Aim of the task
Write every record below out exactly; no images.

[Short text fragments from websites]

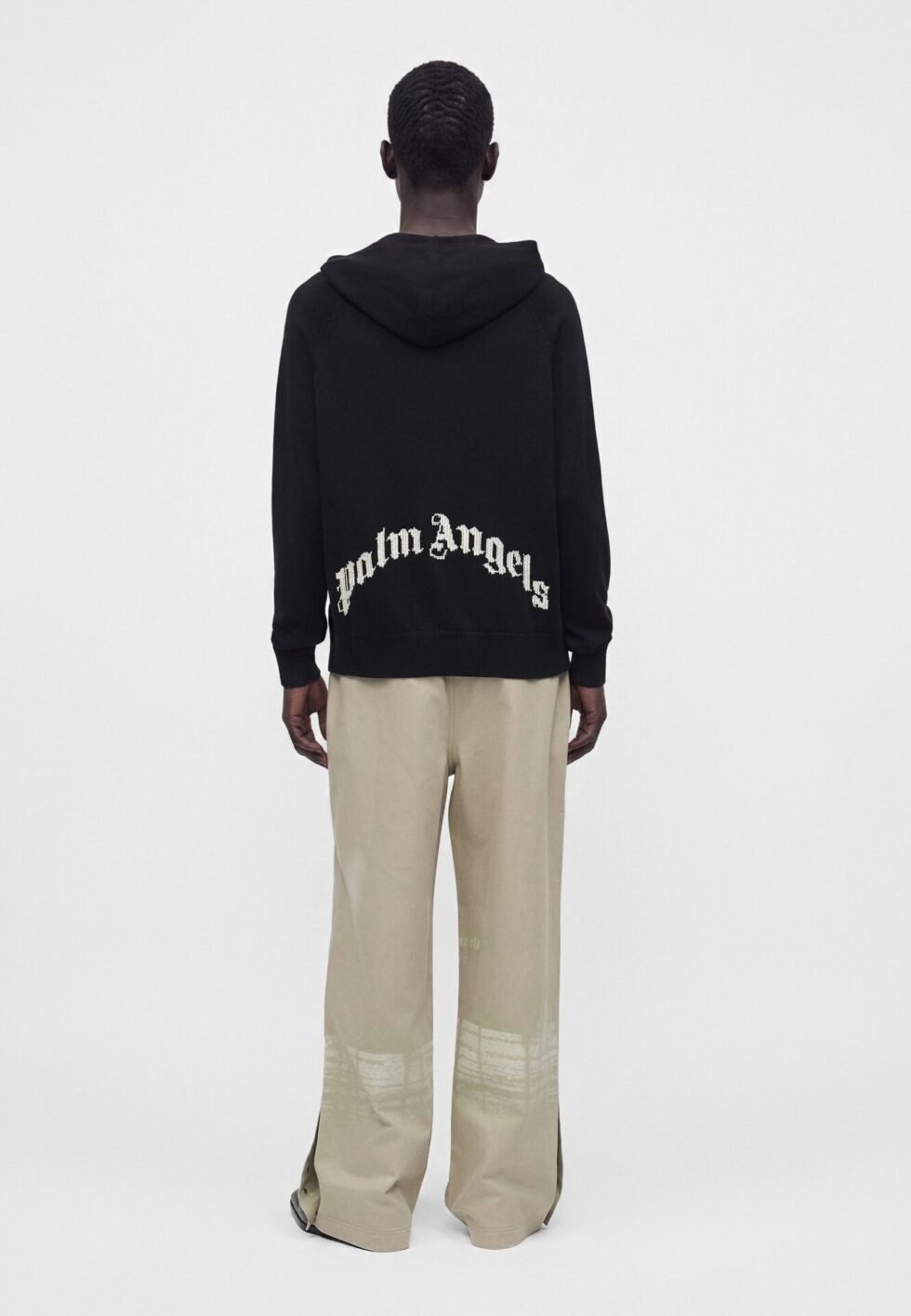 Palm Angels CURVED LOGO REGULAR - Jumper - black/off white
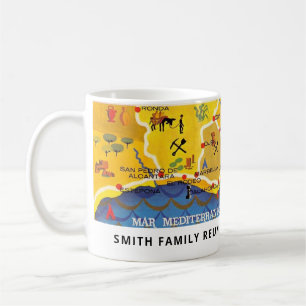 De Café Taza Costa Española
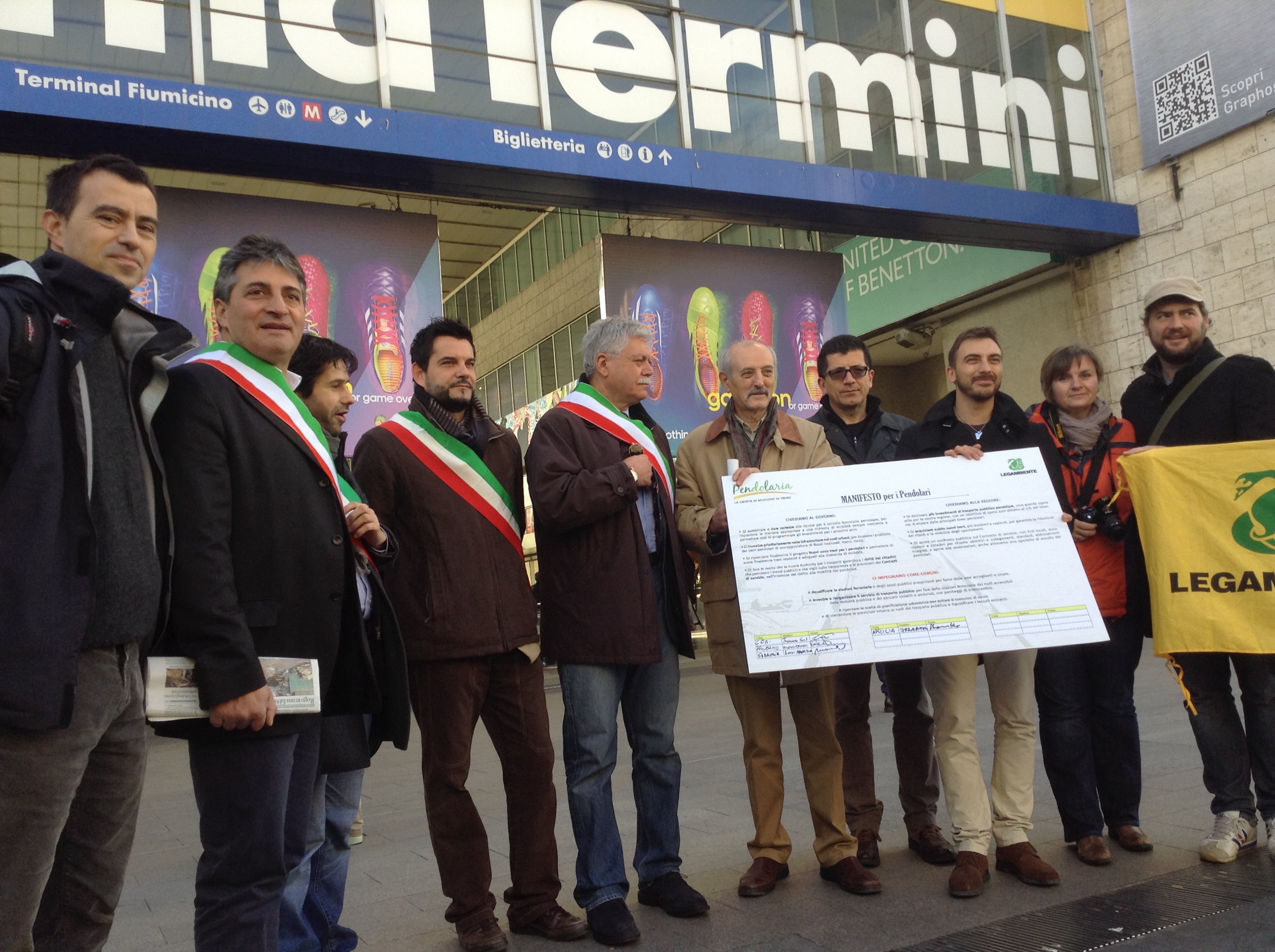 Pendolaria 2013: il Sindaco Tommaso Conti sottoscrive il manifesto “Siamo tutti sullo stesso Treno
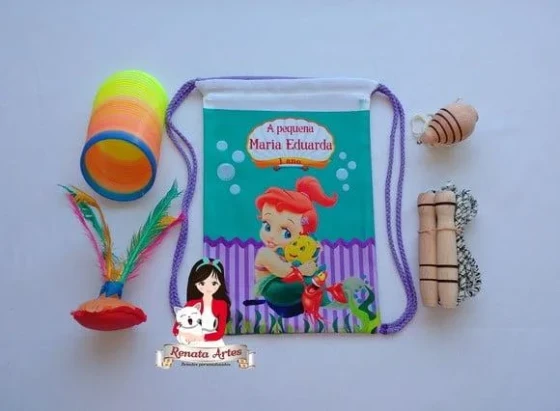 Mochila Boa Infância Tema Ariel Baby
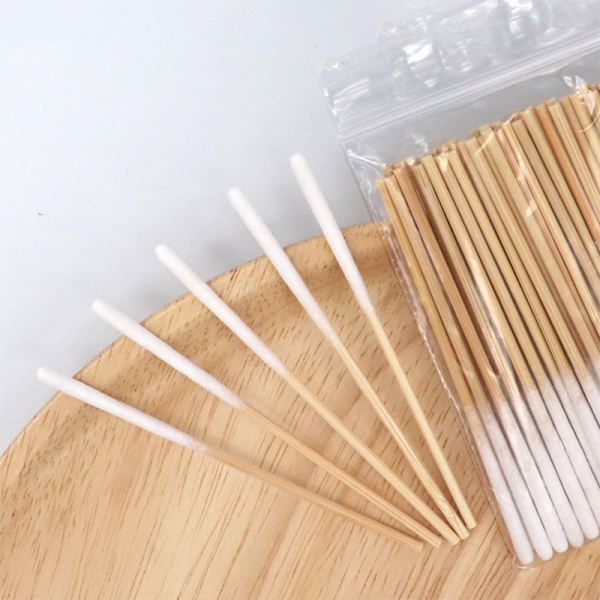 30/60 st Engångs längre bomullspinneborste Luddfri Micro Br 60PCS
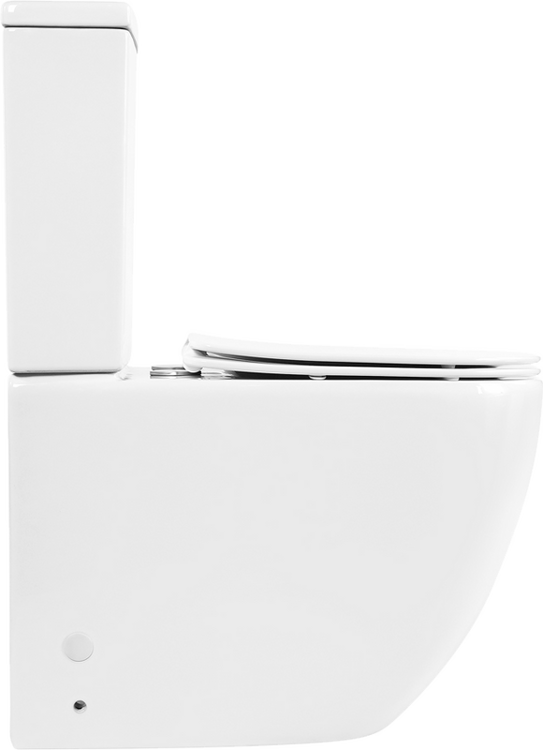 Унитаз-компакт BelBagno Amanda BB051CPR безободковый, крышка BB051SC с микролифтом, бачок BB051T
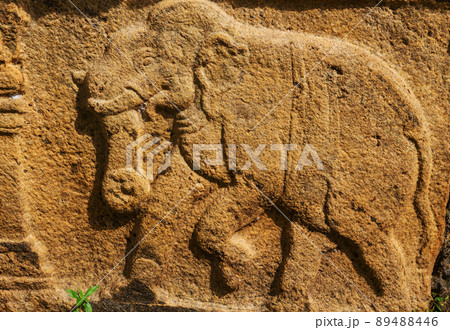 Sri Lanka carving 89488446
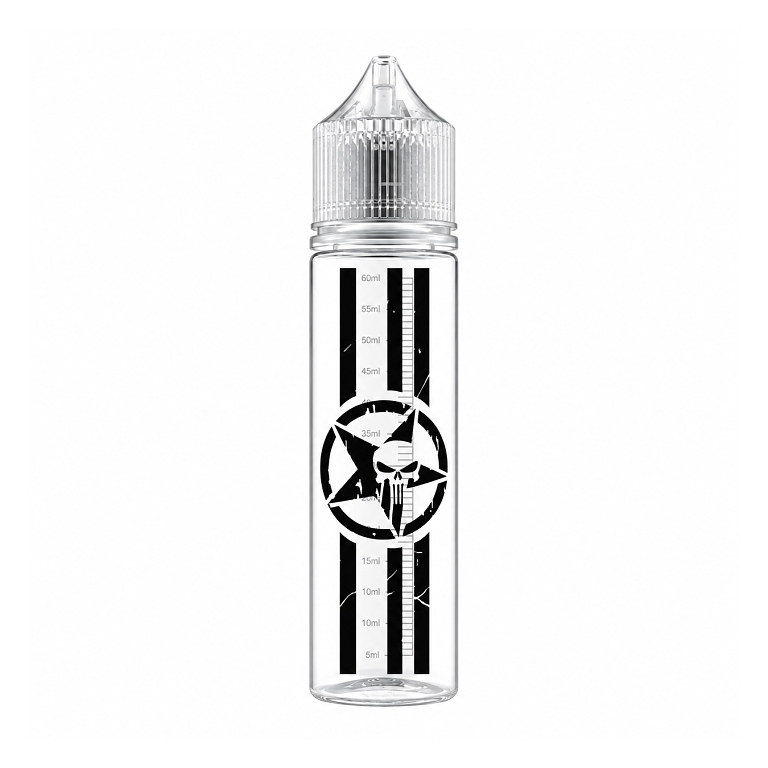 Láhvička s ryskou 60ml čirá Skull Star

Solution for this problem
 Palm Angels CURVED LOGO REGULAR - Jumper - black/off white
 De Café Taza Costa Española
 Pendolaria 2013: il Sindaco Tommaso Conti sottoscrive il manifesto “Siamo tutti sullo stesso Treno
 Mochila Boa Infância Tema Ariel Baby
 30/60 st Engångs längre bomullspinneborste Luddfri Micro Br 60PCS
 Унитаз-компакт BelBagno Amanda BB051CPR безободковый, крышка BB051SC с микролифтом, бачок BB051T
 Sri Lanka carving 89488446
 Láhvička s ryskou 60ml čirá Skull Star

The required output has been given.